◆ **PROBLEM TO WORK ON**
Read the lines below, and copy any that contain the string "Tシャツ".

────────

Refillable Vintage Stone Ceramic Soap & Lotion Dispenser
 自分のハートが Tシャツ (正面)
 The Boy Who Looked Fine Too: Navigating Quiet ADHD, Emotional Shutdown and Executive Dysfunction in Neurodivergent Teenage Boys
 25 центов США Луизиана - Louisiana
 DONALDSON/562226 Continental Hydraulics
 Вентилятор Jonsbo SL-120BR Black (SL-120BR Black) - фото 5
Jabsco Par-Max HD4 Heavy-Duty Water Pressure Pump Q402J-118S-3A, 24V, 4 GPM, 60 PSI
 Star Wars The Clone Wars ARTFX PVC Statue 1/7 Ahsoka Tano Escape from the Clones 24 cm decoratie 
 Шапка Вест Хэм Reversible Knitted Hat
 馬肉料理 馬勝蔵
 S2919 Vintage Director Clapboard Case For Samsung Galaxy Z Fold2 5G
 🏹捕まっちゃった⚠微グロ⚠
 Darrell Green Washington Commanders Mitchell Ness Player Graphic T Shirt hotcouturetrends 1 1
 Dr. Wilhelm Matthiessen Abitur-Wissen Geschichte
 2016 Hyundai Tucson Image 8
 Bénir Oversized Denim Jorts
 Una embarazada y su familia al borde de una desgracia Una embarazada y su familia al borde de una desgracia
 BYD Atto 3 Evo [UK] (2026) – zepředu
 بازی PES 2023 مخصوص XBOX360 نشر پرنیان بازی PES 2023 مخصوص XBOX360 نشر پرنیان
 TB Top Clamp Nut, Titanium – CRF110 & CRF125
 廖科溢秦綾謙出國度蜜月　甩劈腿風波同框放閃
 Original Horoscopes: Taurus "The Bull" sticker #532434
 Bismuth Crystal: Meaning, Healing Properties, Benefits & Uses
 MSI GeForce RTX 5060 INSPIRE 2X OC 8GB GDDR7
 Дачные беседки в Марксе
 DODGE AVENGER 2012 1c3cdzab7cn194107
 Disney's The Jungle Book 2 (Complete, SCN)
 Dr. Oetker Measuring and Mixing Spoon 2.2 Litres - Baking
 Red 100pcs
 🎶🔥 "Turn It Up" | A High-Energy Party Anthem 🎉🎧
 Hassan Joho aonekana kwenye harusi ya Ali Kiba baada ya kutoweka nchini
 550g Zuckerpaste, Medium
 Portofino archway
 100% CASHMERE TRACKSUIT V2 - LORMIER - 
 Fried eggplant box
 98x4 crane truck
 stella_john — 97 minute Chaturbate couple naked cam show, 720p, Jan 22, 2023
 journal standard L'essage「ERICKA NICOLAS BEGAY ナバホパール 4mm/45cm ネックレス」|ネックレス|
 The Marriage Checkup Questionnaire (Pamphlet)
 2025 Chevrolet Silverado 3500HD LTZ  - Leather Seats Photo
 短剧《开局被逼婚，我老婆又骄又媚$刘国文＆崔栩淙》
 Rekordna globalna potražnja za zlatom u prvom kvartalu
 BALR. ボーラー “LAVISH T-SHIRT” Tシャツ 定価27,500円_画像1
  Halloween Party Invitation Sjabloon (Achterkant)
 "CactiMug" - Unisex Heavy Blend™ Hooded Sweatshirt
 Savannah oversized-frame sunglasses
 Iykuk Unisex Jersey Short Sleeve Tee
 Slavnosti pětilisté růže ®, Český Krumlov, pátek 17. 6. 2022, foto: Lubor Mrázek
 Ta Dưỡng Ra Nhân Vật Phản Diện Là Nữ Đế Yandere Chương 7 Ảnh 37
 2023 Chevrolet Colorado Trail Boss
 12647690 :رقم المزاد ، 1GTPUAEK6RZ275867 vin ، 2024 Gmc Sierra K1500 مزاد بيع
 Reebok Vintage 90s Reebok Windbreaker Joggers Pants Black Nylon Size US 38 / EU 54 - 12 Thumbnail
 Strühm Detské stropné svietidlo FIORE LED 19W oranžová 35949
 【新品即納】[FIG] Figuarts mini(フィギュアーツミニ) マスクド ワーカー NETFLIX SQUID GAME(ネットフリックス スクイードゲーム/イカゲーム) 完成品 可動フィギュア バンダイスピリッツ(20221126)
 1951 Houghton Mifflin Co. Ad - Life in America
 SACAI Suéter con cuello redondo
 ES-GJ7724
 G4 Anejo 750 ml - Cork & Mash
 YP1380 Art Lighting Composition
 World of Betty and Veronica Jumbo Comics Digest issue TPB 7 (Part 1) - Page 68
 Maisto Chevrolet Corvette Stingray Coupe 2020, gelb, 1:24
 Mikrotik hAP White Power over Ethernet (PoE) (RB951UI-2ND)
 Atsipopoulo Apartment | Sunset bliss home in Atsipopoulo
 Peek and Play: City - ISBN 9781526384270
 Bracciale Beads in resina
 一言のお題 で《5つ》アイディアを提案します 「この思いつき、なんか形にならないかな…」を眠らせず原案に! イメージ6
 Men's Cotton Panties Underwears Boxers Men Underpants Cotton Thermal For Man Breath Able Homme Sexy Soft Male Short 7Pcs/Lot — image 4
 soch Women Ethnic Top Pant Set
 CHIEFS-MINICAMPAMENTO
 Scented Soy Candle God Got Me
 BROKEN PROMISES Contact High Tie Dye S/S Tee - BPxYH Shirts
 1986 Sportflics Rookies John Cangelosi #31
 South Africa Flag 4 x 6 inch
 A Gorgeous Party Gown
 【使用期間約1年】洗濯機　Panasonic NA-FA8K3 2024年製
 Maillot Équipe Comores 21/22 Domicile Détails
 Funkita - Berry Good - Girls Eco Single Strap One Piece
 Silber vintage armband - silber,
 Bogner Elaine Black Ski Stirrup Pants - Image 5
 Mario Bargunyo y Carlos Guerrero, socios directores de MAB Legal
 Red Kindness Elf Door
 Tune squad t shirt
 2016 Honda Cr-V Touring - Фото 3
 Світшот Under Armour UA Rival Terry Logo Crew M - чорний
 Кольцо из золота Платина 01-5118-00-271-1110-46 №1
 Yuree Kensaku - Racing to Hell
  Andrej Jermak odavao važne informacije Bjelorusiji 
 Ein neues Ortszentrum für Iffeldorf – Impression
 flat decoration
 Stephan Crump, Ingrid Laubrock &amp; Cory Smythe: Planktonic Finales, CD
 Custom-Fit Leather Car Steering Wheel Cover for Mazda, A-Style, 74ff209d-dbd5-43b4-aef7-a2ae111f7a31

────────

◆ **SOLVED EXERCISE**
 自分のハートが Tシャツ (正面)
 BALR. ボーラー “LAVISH T-SHIRT” Tシャツ 定価27,500円_画像1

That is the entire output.